Latin America was represented by two features. Movies, Aspirin and Vultures is a pleasantly ambling road movie from Brazil, about a German wanderer washed up in the early 1940s, after many hippyish wonderings, in Brazil. He earns a living driving around the scrubby countryside selling aspirins, with the help of a small mobile projector with which he shows the drug company's naively promotional films. When he's joined by Ranulpho, who's heading out for the big city, they strike up a warm and easy relationship and become partners in the job. Nights under the stars, snakebites, dalliance with a passing female hitch hiker - life is undemanding, until in August 1942 Brazil joins the war against Germany and nationality, hitherto meaningless, starts to matter. Johann has to decide whether to leave to fight for his country, or be interned. Not a lot happens, but the film looks absolutely great, arid landscapes of deprivation and close-up faces combining to celebrate the importance of the small things of life.

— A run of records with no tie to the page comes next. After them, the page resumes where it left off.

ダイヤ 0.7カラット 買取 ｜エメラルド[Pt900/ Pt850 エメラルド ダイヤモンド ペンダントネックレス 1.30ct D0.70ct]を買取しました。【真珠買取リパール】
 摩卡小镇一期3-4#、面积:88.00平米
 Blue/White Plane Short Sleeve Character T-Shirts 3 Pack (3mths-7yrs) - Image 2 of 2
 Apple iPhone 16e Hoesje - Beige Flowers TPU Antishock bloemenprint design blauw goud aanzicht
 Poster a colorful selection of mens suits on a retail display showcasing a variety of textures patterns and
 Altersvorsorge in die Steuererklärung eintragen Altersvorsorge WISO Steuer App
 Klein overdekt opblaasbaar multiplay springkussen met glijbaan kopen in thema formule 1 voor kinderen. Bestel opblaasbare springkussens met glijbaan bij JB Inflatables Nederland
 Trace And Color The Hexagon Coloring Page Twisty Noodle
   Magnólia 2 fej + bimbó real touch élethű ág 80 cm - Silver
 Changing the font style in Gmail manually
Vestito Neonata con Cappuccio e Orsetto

And finally El Cobrador :In God We Trust - what on earth is going on here? Starting with the murder of a dentist (and who can say they haven't been tempted?) we proceed into a glorious muddle of plot, involving at least three strands - an evil millionaire industrialist (Peter Fonda), a silent young Brazilian, both of whom are keen on killing, and a seeming-sensible female photo journalist with a mysterious background. How will they come together? At first we go along swimmingly in what seems like a fairly well done thriller, interestingly shot, with socio-political overtones. But as the film becomes progressively obsessed with its own right-on-ness, with random borrowings from the beginners' book of agitprop film sequences (including the obligatory ‘attractive semi-naked girl finds gun and proceeds to mimic shooting'), not-so-clever chronology shifts, gratuitous arty sex and - oh no - TV images of the Twin Towers, one's reaction changes. Neither head spinning changes of location from Miami to Brazil to Argentina to Mexico, nor long sequences of slave-labourers hauling their loads up the slopes of a gold mine make meaningful anti-globalisation statements. Not that the film loses its attraction - there remains the urge to make some sense and the open-mouthed ‘whatever next' instinct, plus pleasure in the increasingly ludicrous Peter Fonda thread, when he engages the help of an elderly gypsy lady in sequences of overacting to operatic, nay heroic, proportions, which had me in stitches. Never a dull moment, but scarcely what the director intended.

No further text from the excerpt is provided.